温泉に行こう! そんなことを考えたとき「やっぱり部屋は、椅子とベッドの洋室が良い!」と思う人は少ないだろう。
やはり、日本人には和室だ。
あの和室の持つ「落ち着ける」「寛げる」イメージは特別だ。実は、このイメージは単に「畳で足を投げ出せる」といったこと以上に、きちんとした理由がある。
それは和室の色。
まず和室全体が障子や畳、漆喰の壁や木目などアイボリー系やオフホワイトの色身で統一されている。
さらにそれぞれの反射率。
人間の肌色=明度50%
に対して
畳=明度40%
柱の木目=50~53%。壁=55~60%。天井の木目=55%。
つまり、見えるものは、だいたい自分の肌と同じ反射率のものである、ということ。
人に限らず多くの生き物は、保護色に囲まれたときに一番リラックスできる。つまり同系色、同じような色味の中に身をおくと、とても安心できるのだ。

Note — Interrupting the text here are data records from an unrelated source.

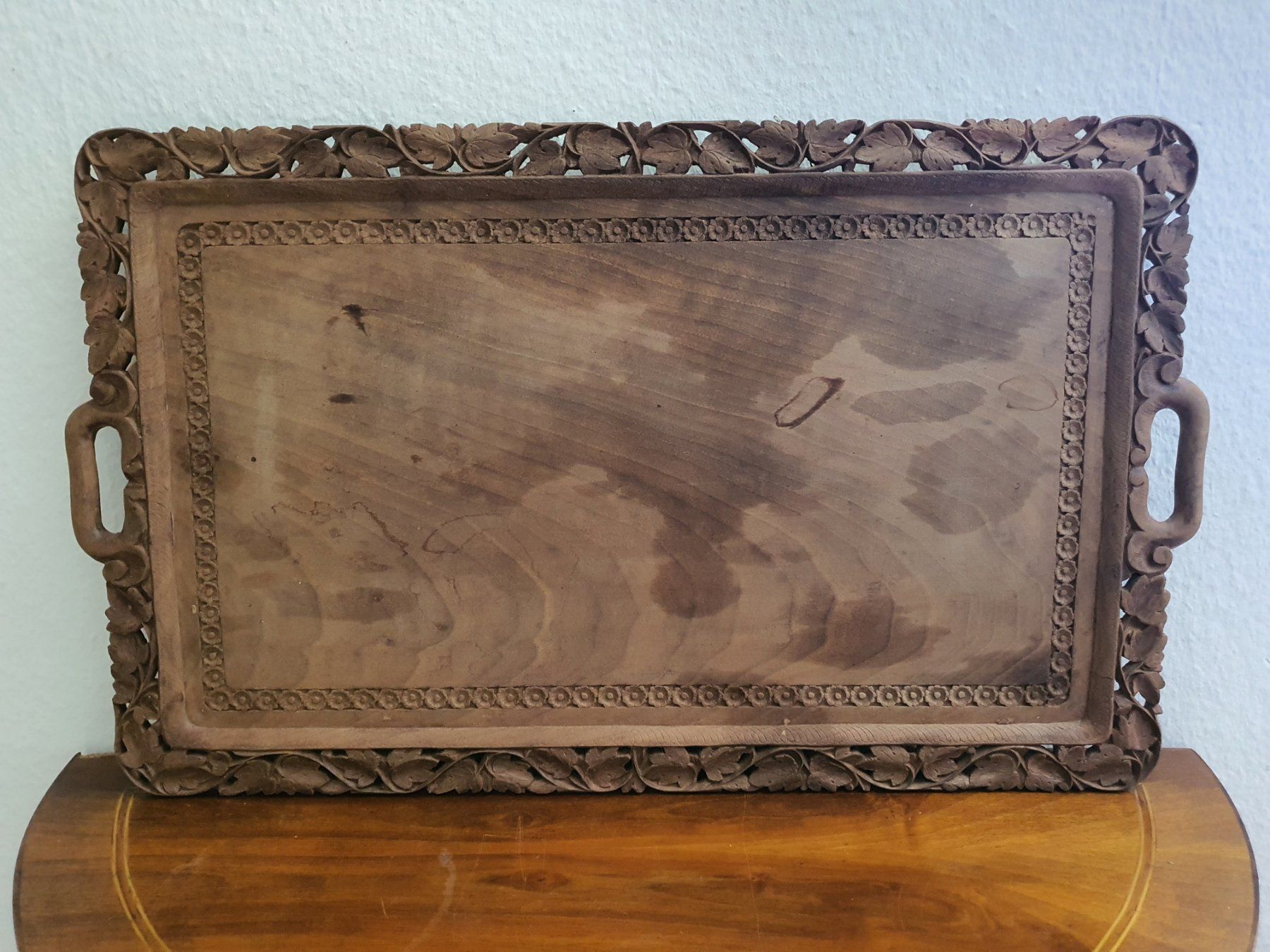 Piatti di portata: Altes Vintage Holz Serviertablett Tablett geschnitzt – Usato da Schaffhausen venduto da pfanis09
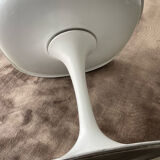 Pair of tulip chairs by Eero Saarinen, Knoll 80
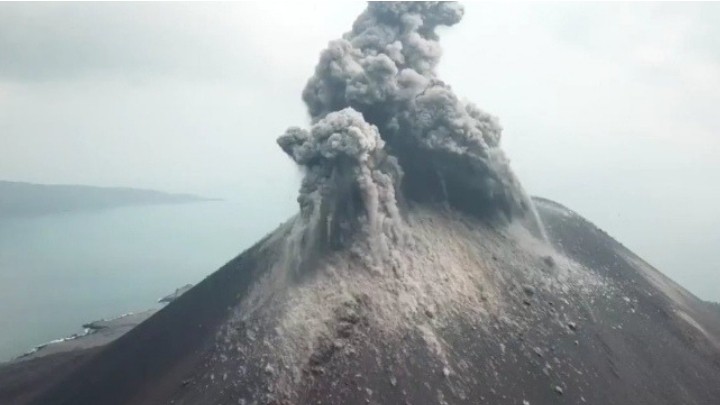 El volcán Anak Krakatoa registro nuevas erupciones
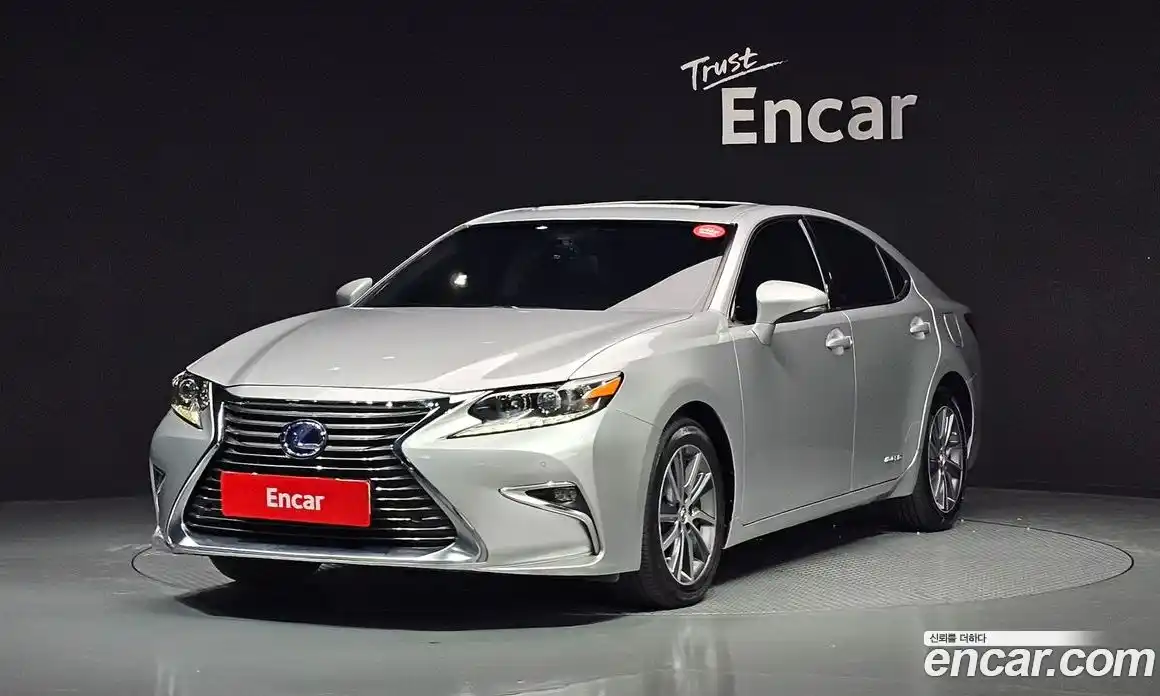 Lexus ES 2016 2.5 Автомат в Москве № 214689, фото 16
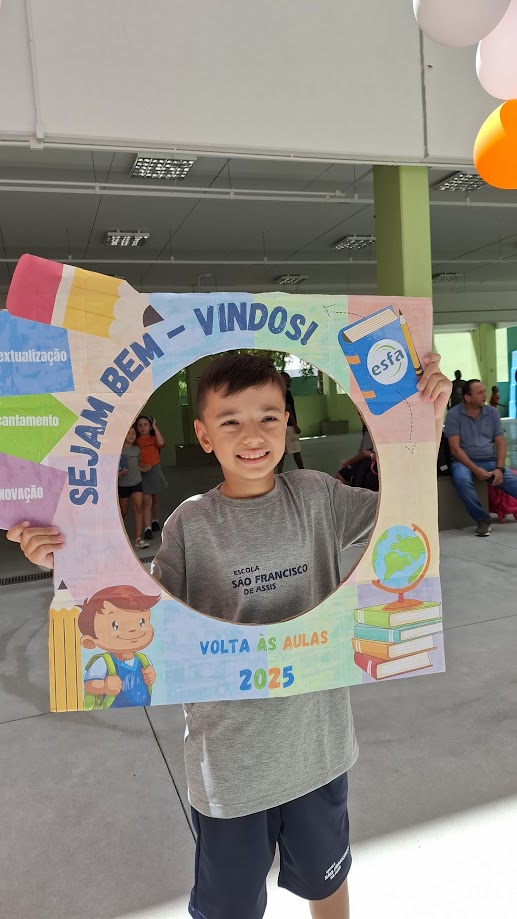 Um recomeço cheio de alegria e aprendizado: 1º dia de aula da Educação Infantil ao 4º ano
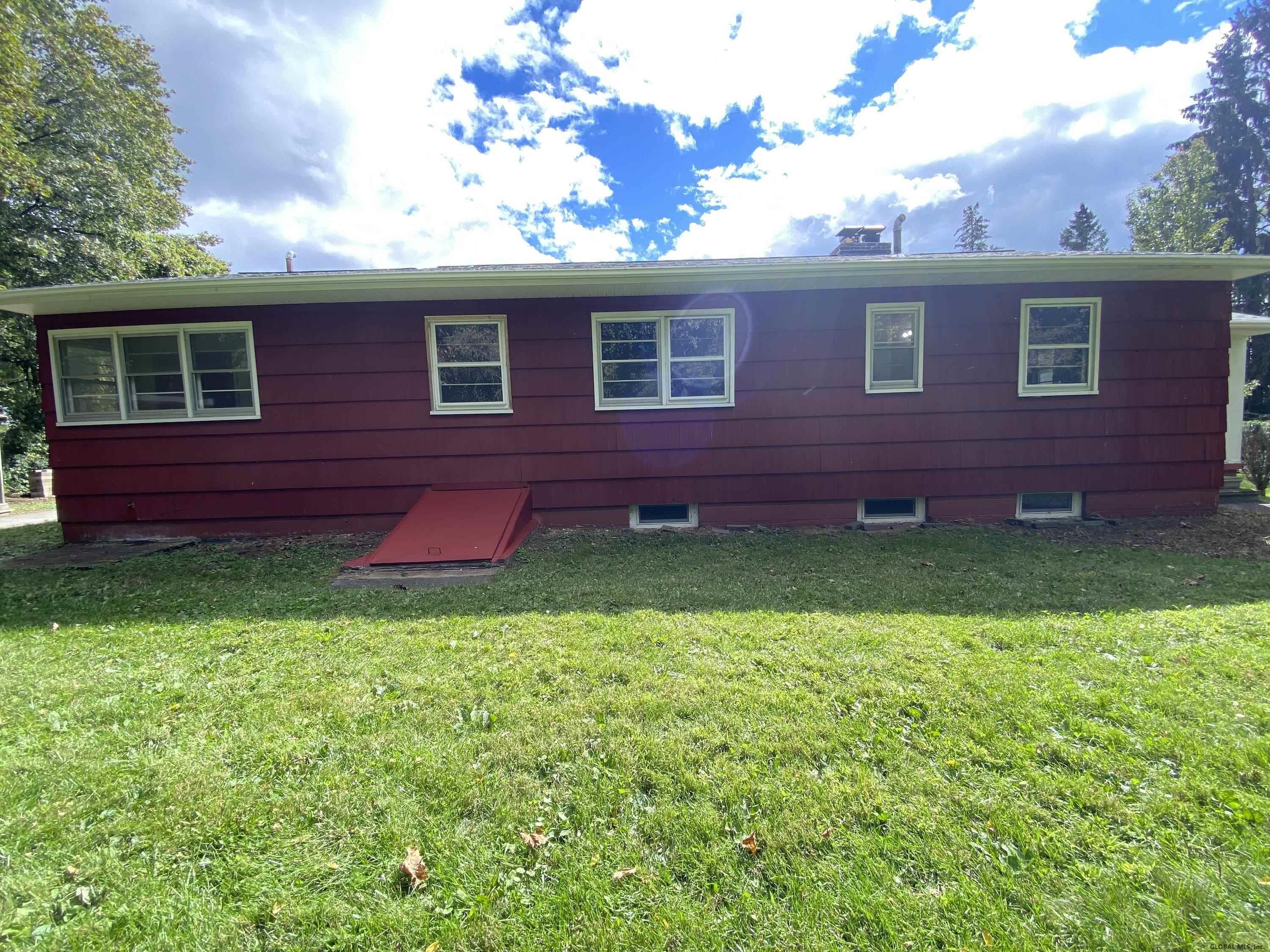 601 Pearse Road Niskayuna, NY 12309 - Photo 81 of 87 Photo 85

しかも、木目や漆喰の壁、アイボリーを中心とした中間色は、筋肉を緊張させず、呼吸も穏やかになる。
和室は、特に日本人にとって、心身ともに安心していられる空間なのだ。

自分の肌と同じ反射率の色に囲まれると、落ち着く。

部屋の壁面の面積は床面の約3倍。こうした広いところに、いちばん弱い色を使うことで刺激の少ない落ち着いた部屋となる。